4.2.2. The Shandong Region

The climate of Shandong is not humid as Guangdong’s, thus more Landsat data with little or without cloud coverage are available. For this reason, the enhanced data strategy was tested here and comparisons between DCSTFN and other models that need two reference images were performed in this area. Five models, including seven cases: STARFM with one reference (STARFM-I), STARFM with two references (STARFM-II), ESTARFM, DCSTFN, StfNet, EDCSTFN with one reference (EDCSTFN-I) and EDCSTFN with two references (EDCSTFN-II), were tested here. Figure 10 gives the learning curve of the deeplearningbased fusion models in the Shandong test area. Clearly, the average errors of StfNet over validation patches are significantly larger than the EDCSTFN model. The prediction accuracy of EDCSTFN-II is pretty higher than EDCSTFN-I, showing the improvement with the two-reference-enhanced strategy. Figure 11 shows the quantitative metrics on the five validation data groups. Generally, EDCSTFN-II outperforms other models. For one thing, the EDCSTFN model shows significant high-score metrics than others; for another, the prediction of EDCSTFN remains stable for all the data groups. The classical ESTARFM and recently-proposed StfNet fluctuate heavily for different data groups, showing they are not so robust as EDCSTFN. With respect to the effect of reference data pairs on prediction, in most cases, the two-reference strategy can contribute to the improvement of model accuracy both for the STARFM and the EDCSTFN, but this is not always the case. It may relate to the reference image quality as well as significant ground changes. Table 2 lists the averaged quantitative metrics of Shandong areas on the whole validation dataset. The columns of EDCSTFN models are in bold. Every quantitative index shows the EDCSTFN-II model outperforms other methods, which further demonstrates the enhanced data strategy can truly boost the fusion accuracy.

Figure 12 demonstrates part of the fusion results on 24 November 2017 in P122R035 region. The first column exhibits the overview of the whole scene. The second column shows the zoomed-in details of the red rectangles marked in the first column. The third column gives the bias between fusion results and ground truth corresponding to the second column. The fourth column presents the zoomed-in details of the yellow rectangles in the second column.
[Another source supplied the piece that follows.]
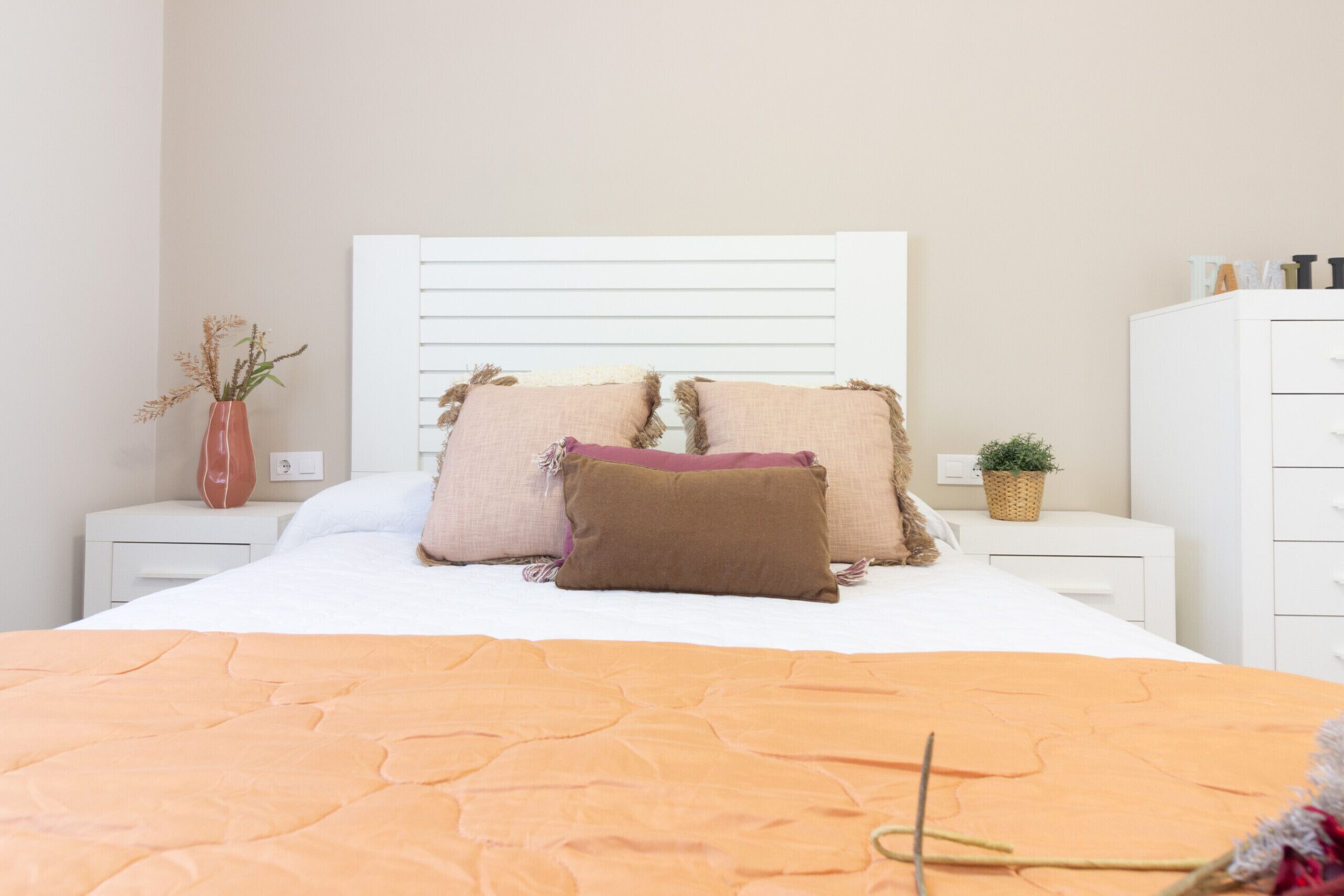 3 chambres, fer et planche à repasser, Wi-Fi gratuit, draps fournis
The last column is the calculated NDVI corresponding to the fourth column. Generally, the EDCSTFN and StfNet show the best results from the overview. The third column shows the EDCSTFN-II produces minimum errors. The fourth column shows that the result of DCSTFN lacks clarity and sharpness, while the other models can preserve more texture details. From the NDVI view of the last column, the EDCSTFN-II predictions are the closest to the ground truth. Overall, EDCSTFN-II produces better results than others. Figure 13 illustrates part of the fusion results on 10 December 2017 in P122R034 region. The arrangement of the subfigures is the same as Figure 12. Obviously, the conventional methods fail to make the right prediction on the bottom left areas of the images in the first column. From the third and fourth columns, it clearly demonstrates the results of EDCSTFN-II matches the ground truth best for areas covering fields and villages and predict the changes in crops with considerable accuracy. Besides, the image tone of DCSTFN and StfNet is strikingly different from the ground truth seen from the fourth column. In conclusion, the EDCSTFN model outperforms other models from statistical metrics and visual observation in Shandong province. The two-reference-enhanced strategy can reduce fusion errors on a large scale.

4.3. Discussion

First, the experiments performed in Guangdong province reveal that by the new architecture and the comprehensive compound loss function, the EDCSTFN model can sharpen predicted images and remedy the defects of DCSTFN model. Also the prediction accuracy is significantly improved compared with DCSTFN model, which renders quantitative analysis in remote sensing applications more reliable. The input image bands also have a certain impact on prediction, but it is not that obvious, so training a fusion network using multiple-band images is doable in practice with less time consumption.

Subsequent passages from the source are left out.